At this juncture, I submit that Ollenburger's desire to identify Anabaptist theology with a theological core shared with the Christendom traditions has done a disservice to the narrative of Jesus. At least in my telling of that narrative, particulars such as Jesus' rejection of the sword and his nonviolent confrontation of social ills and of evil in the person of the political powers of the first century is irreducibly part of that story—so that discussion of Jesus without reference to those elements is not really telling the story. Ollenburger objected to my unwillingness to bestow normativeness on the classic creeds because of "their lack of reference to Jesus' life and teaching." However, it appears from Ollenburger's depiction of the common core, with the several traditions offering a variety of differing manifestations, that he has verified my point that the particulars of the story of Jesus that are relevant for ethics and that produce rejection of the sword for Anabaptists are missing from the classic creeds and his common core. Presenting Jesus without those elements depicting his nonviolent life, as is true for Ollenburger's core, is perhaps akin to conveying Johnny Damon's contribution to the Boston Red Sox's win of the 2004 World Series but mentioning only his at bats and saying nothing of his stellar defensive play. The story of Jesus should not be reduced to a discussion of nonviolence, but if that element is missing then the story is not really the story. But that is the inevitable result of focusing on the discussion of Jesus in terms of statements common to all traditions rather than noting what distinguishes Anabaptists as Anabaptists.

I accept Ollenburger's affirmation that he "share[s] many of [the Anabaptists'] convictions" and rejection of the sword is visible in his description of historic Anabaptist theology. However, it is visible in the way that rejection of the sword has always been visible and present in Christendom's theology. It is present as an option for those who choose it, but it does not exist as an intrinsic element of Jesus' identity that challenges everyone who claims the name of Jesus. When Ollenburger's Anabaptist theology is comprised of an irreducible common core shared with the other Reformation traditions, plus an abundance of issues on which they disagreed, the Anabaptists' rejection of the sword falls in this latter category of elements on which there was major disagreement but which does not separate one from the faith expressed in the common core. This is an approach to theology that presents rejection of the sword as an Anabaptist particularity but not an issue that is an intrinsic challenge to all Christians.(7)

Ollenburger cited a source that "demonstrated the organic relationship between the creedal definitions and the New Testament itself." I have no difficulty accepting that one can construct a path of relationships from the New Testament to Nicea and Chalcedon.
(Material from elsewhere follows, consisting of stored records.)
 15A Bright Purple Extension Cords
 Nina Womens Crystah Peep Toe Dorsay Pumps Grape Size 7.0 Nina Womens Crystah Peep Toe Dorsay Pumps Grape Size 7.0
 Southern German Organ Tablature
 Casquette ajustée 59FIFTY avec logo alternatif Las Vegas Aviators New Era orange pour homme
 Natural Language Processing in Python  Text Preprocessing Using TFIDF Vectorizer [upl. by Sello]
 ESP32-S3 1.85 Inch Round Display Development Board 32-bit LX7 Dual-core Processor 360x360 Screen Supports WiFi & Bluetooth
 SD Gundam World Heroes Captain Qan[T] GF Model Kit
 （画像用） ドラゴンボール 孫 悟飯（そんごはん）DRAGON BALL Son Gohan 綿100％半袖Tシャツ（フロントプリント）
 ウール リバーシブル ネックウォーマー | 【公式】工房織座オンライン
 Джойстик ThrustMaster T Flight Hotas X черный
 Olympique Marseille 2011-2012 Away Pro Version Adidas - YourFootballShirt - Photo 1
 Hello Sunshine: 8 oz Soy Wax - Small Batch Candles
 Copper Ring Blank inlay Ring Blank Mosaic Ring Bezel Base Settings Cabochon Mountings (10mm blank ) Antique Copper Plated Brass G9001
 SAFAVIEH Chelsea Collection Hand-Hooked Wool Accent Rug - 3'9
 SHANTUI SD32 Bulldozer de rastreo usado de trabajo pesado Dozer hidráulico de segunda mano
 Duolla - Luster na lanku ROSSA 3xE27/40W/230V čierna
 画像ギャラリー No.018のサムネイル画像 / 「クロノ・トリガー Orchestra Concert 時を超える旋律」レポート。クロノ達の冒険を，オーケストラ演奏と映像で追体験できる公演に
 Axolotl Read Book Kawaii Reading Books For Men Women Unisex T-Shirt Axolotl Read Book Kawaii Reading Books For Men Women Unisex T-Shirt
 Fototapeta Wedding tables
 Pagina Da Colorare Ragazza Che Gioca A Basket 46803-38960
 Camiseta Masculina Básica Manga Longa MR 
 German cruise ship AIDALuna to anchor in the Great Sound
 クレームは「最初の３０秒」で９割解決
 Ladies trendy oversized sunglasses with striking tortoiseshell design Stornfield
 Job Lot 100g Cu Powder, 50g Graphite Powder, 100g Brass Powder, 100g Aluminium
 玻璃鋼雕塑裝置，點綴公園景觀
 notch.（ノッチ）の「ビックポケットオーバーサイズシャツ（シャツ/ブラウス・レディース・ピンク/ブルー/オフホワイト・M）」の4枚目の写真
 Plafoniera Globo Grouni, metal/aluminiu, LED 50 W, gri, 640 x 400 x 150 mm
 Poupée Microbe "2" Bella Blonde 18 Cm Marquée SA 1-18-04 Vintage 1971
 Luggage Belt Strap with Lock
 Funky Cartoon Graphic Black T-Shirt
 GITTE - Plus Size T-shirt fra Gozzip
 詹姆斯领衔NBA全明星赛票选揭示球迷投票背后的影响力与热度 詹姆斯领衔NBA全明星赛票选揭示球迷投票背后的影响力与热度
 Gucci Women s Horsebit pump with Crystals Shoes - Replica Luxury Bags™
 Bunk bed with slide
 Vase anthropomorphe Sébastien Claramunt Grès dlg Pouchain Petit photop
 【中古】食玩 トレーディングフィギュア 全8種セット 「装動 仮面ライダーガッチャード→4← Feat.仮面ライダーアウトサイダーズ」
What I object to, and this is what Ollenburger has not rightly understood, is making the terminology of these classic creeds the required or normative and only way to talk about Jesus once we have moved out of the New Testament. I object to requiring these creeds as the necessary norm that determines whether we have read the New Testament correctly. I object to assigning normative status to these creeds, making them a de facto extension of the New Testament.

For people who claim the authority of the Bible, it ought to be self-evident that the Bible has more authority than creeds. If the creeds are necessary to ensure proper reading of the Bible, if the classic creeds are necessary in order to safeguard theology about the Jesus depicted in the New Testament, then the creeds have become a de facto extension of the biblical canon. To anoint the classic creeds—which emerged from a particular and identifiable historical context—with the mantle of universality by making them a required norm is actually to accept the answers from that particular historical context as the answers for all Christians in all contexts for all time.(8)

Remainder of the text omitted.